I think we all agree that employees need to be protected. I strongly agree, and I think most of the witnesses said essentially the same thing, that we can't give a “get out of jail free” card to companies that may be negligent. It may only be a small proportion of the companies. But I believe that we cannot put the Canadian travelling public in a situation in which, first, they are unaware because of the secrecy around what could be repeat violations of safety standards by a company, and in which, second, essentially the company is protected from the type of regulatory enforcement and sanctions that should necessarily come with them. That's the problem.
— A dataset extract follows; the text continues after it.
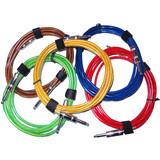 Guitar Patch Leads in Value Packs of 1, 2 or 3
I would suggest, in that context, that we should be adopting G-3, of course, but we should also be seriously looking at BQ-16. That eliminates the bad from that clause and reinforces what I think we all agree to, which is protection for employees.
:
I appreciate the government's effort to clarify things for the employees. But I have a problem with section 5.392 that deals with protecting the public.
Basically, a safety management system must make sure that there is a follow-up, there must be documentation and employees must be allowed to disclose cases of neglect. In my opinion, when everything is said and done, when the report is tabled, the minister can say that it is confidential pursuant to the act. He will not even be able to publish it, unless he "[...] considers that disclosing the information or making it available is necessary for the purposes of section 7.1". This remains to be seen, because he is liable to be sued, and the government might have some serious problems.
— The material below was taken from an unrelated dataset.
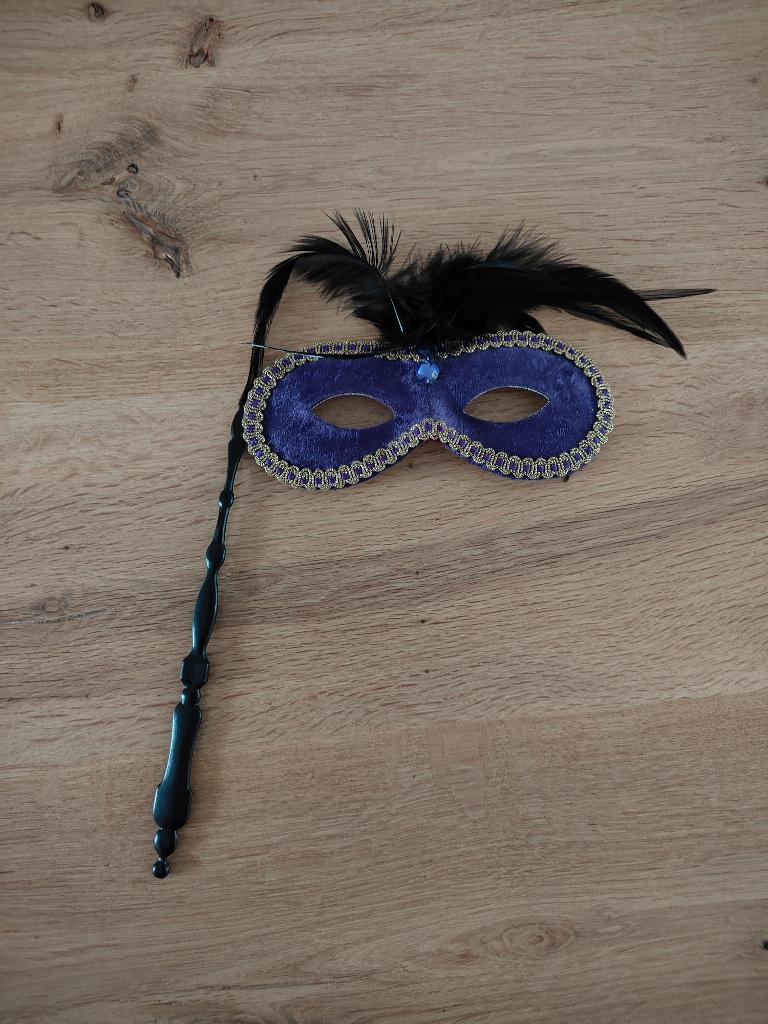 Venetiaans oogmasker, Kleding | Dames, Carnavalskleding en Feestkleding, Ophalen of Verzenden, Zo goed als nieuw, Carnaval, Accessoires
I want to protect the public. In any case, when a report is published pursuant to the Access to Information Act, many things are blacked out. But we at least have access to the information. When the minister receives a report, it is because of some important event, probably an accident or something due to neglect. Small things that remain unnoticed and are not reported on television will not be investigated and there will be no demand for access to information. This will only happen if the accident shows up in the media. Sometimes, it does not have to be big, as we saw regarding railways. It does not have to involve mortality. It can be so big that if we do not see it and try to prevent it, there could be a catastrophe.
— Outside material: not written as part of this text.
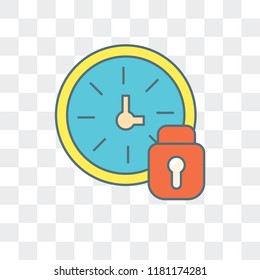 Time vector icon isolated on transparent background, Time logo concept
Therefore, in the safety management system, all the information would become confidential and inaccessible to the public. I have a problem with that. I agree that we must protect the employees, and we are protecting the employees, but under section 5.392 we are protecting the company and the minister above all. At any time, he can say that it is confidential and that he is not publishing anything at all. That is what will happen.
:
Well, it will have something to do with it when enforcement comes into play, but we're not talking about enforcement here.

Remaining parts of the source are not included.